I played around with it but for my markets the pricing was pretty off… I will look at it again, but right now after fighting with Wheelhouse for the bask 8 weeks, I’m going to go back to Beyond Pricing.

Beyond pricing is not adjusting the price during all holidays in my area, labor day, Thanksgiving, Christmas. I just got a booking on labor day weekend, last the opportunity. Makes me realize it so I had to manually adjusted Thanksgiving and Christmas.

I’m relatively new to Airbnb and started out on Beyond Pricing for about a month and was relatively happy with it until a booking inquiry for labor day weekend came in and I looked closer and realized how underpriced it was. This made me dig deeper and signed up with Wheelhouse to compare the pricing models and switched over after quickly noticing the pricing for labor day and a few others seemed more accurate.

I’ve been using Wheelhouse exclusively now for the past month and I’ve been really satisfied with the price modeling (based on a lot of manual market comps I do day-to-day to make sure it’s accurate) and higher booking rates I’ve been receiving. The biggest plus for me is the smart base rate adjustment that continually adjusts every 24 hours to take into account the latest booked rates you’ve received. It’s continually adjusted my base rate upwards from around $100 to now $115 without any vacancy falloff.

I’ve also had a few issues with the monthly charts not updating accurately and their customer support was super responsive and fixed the problem that was caused by new Airbnb data programming in 24 hours from when I alerted them to the issue. I also have a number of suggestions for improving the service that they’ve been responsive to.

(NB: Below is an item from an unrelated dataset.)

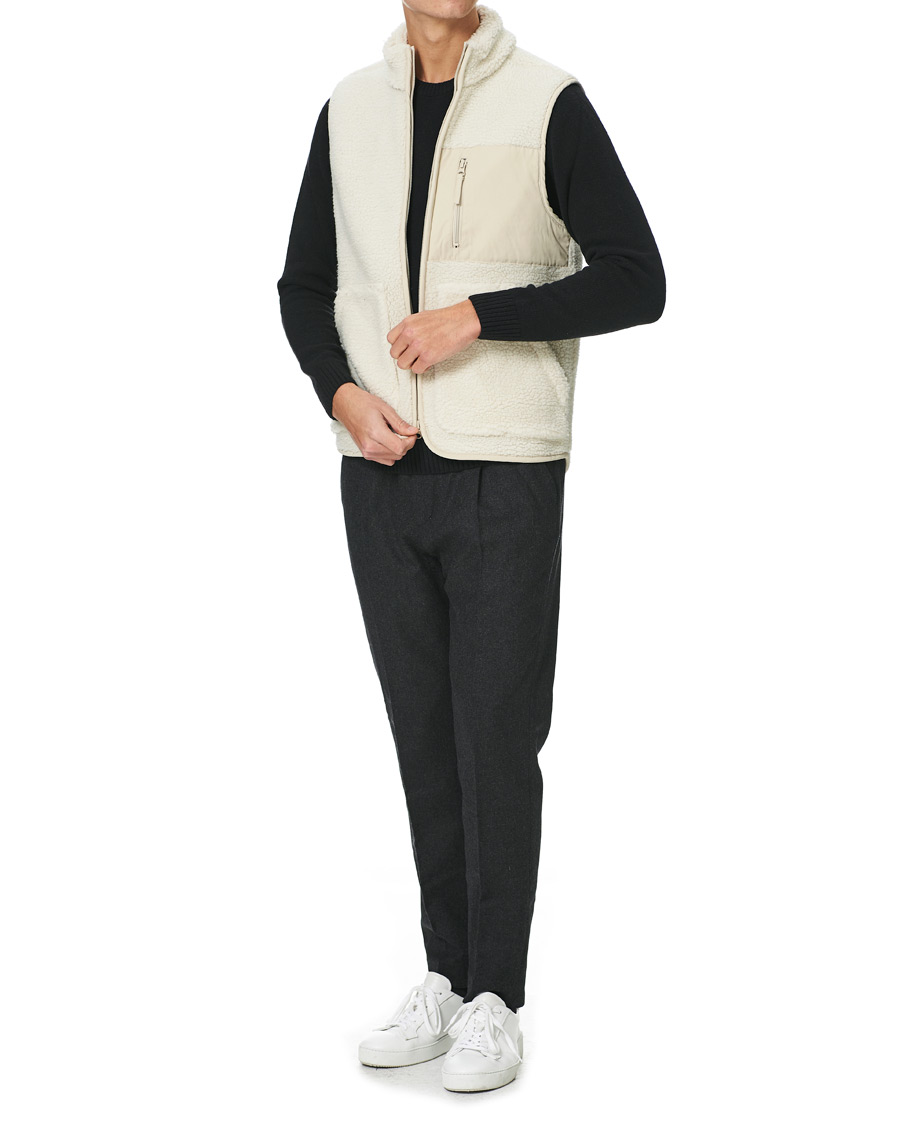 Men | Gifts | A Day's March | Arvån Recycled Fleece Vest Off White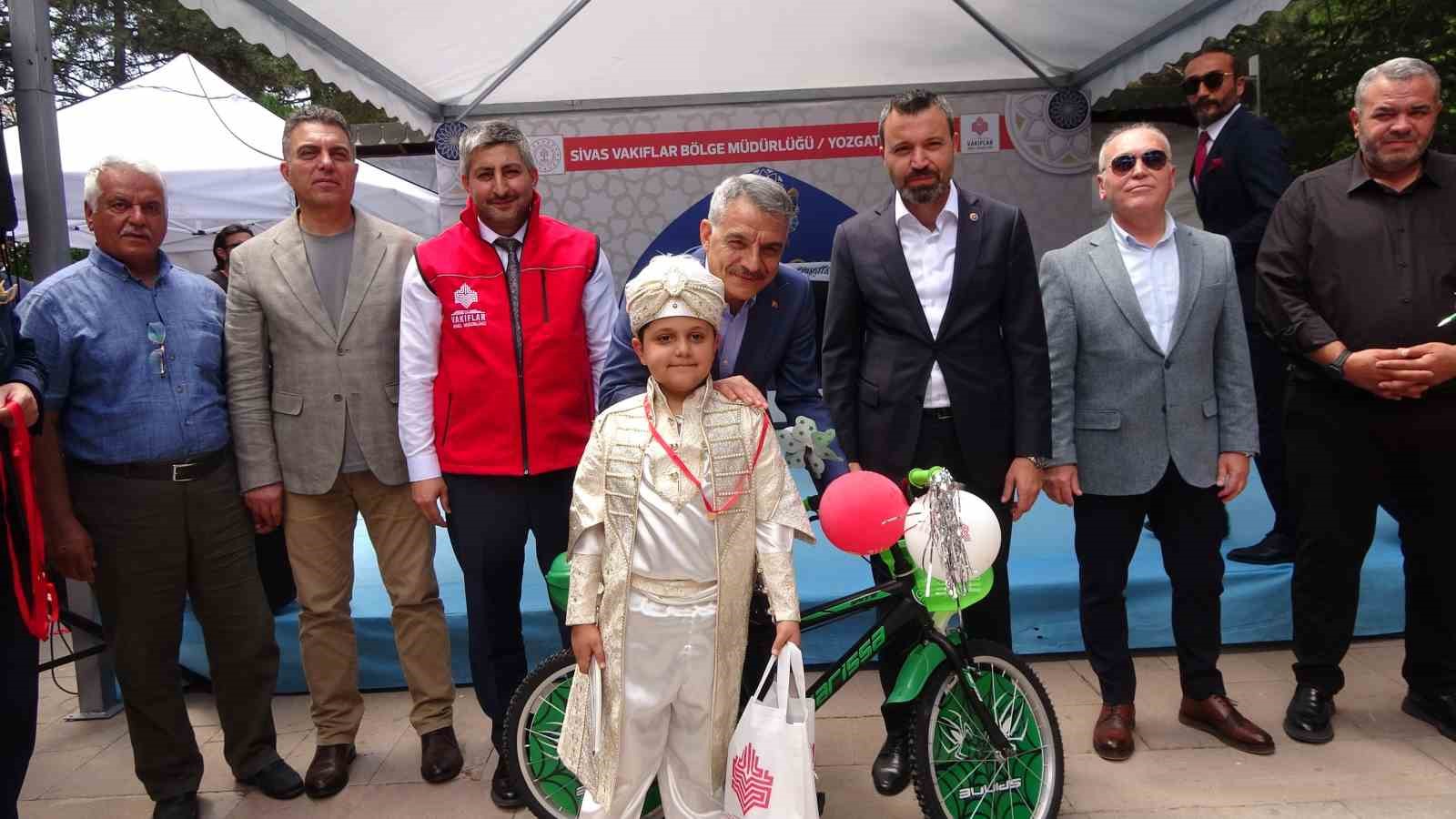 Yozgat’taki sünnet şöleninde 30 çocuk sünnet ettirildi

There are still a few small features I prefer on Beyond Pricing like the ability to see the prices of your booked nights that are shaded differently than unbooked so you can still see them comparatively instead of the completely shaded out days that Wheelhouse uses. I’d also like to see Wheelhouse incorporate the lists of individual booked trips on a tab that are sorted both by latest trips and highest ADR trips that shows date booked, ADR and number of days in trip.

Also to add another big plus to Wheelhouse is their smoother price adjustments based on how many days away available dates are. BP allows you to punch in % price decrease based on how many days out from vacant day you are but Wheelhouse continually updates starting with a slight premium for days very far out and then slowly and smoothly starts adjusting down every 24 hours that you can customize differently than the standard 14 days out.

Lastly just to add that only a few weeks ago I noticed that Wheelhouse didn’t seem to discount single lone days steeply enough and I was left with my only vacant day this summer possibly because of this but since it seems to be dead on with its discounting for single isolated days as well as double and triple day blocks.

I get the sense that they are working really hard to add features and listen closely to their customers to bring on most asked for additions quickly.